DATA:

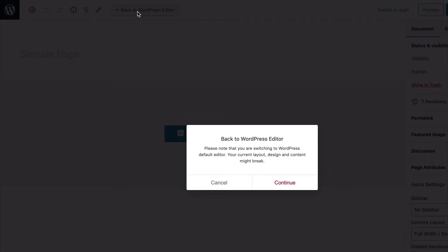Don't worry, even though your design built with Elementor will be lost, the content that you added to the page using Elementor won't be lost.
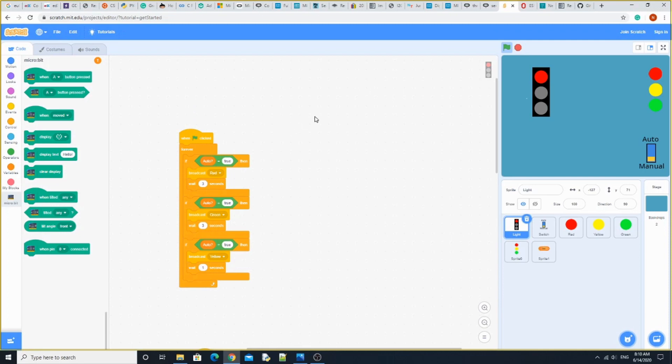Hi everyone. Today we're going to be doing the Scratch and Microbit traffic lights.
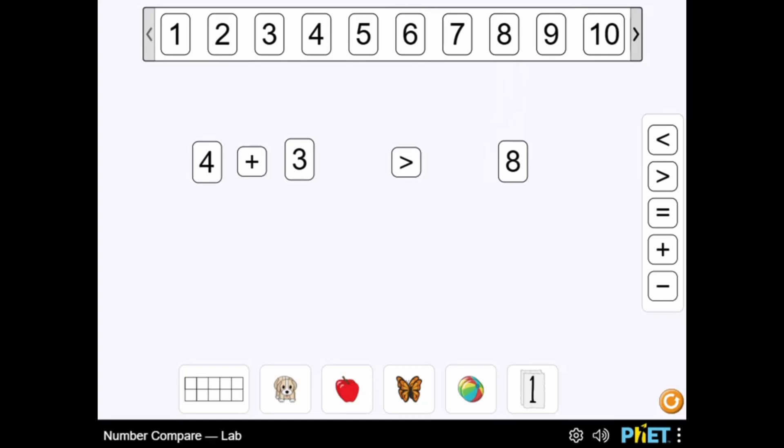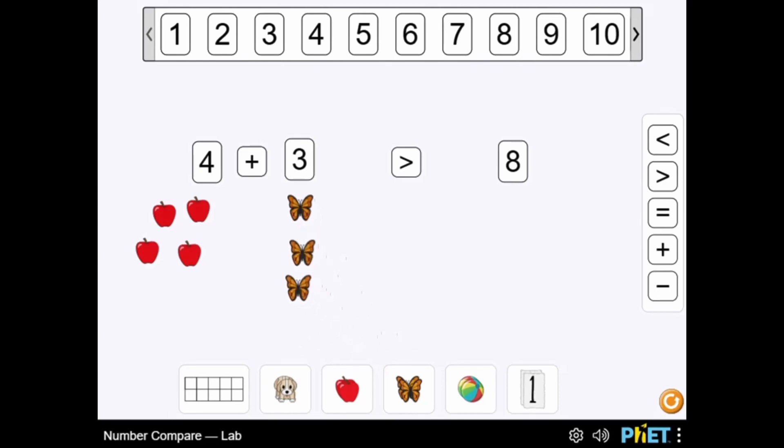Learn more about math in this PhET simulation. Reset the simulator to try different settings to learn more about math. Have fun and enjoy playing!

WHAT TO PRODUCE:
Output all the material verbatim, skipping every image.

WRITTEN ANSWER:
Don't worry, even though your design built with Elementor will be lost, the content that you added to the page using Elementor won't be lost.
Hi everyone. Today we're going to be doing the Scratch and Microbit traffic lights.
Learn more about math in this PhET simulation. Reset the simulator to try different settings to learn more about math. Have fun and enjoy playing!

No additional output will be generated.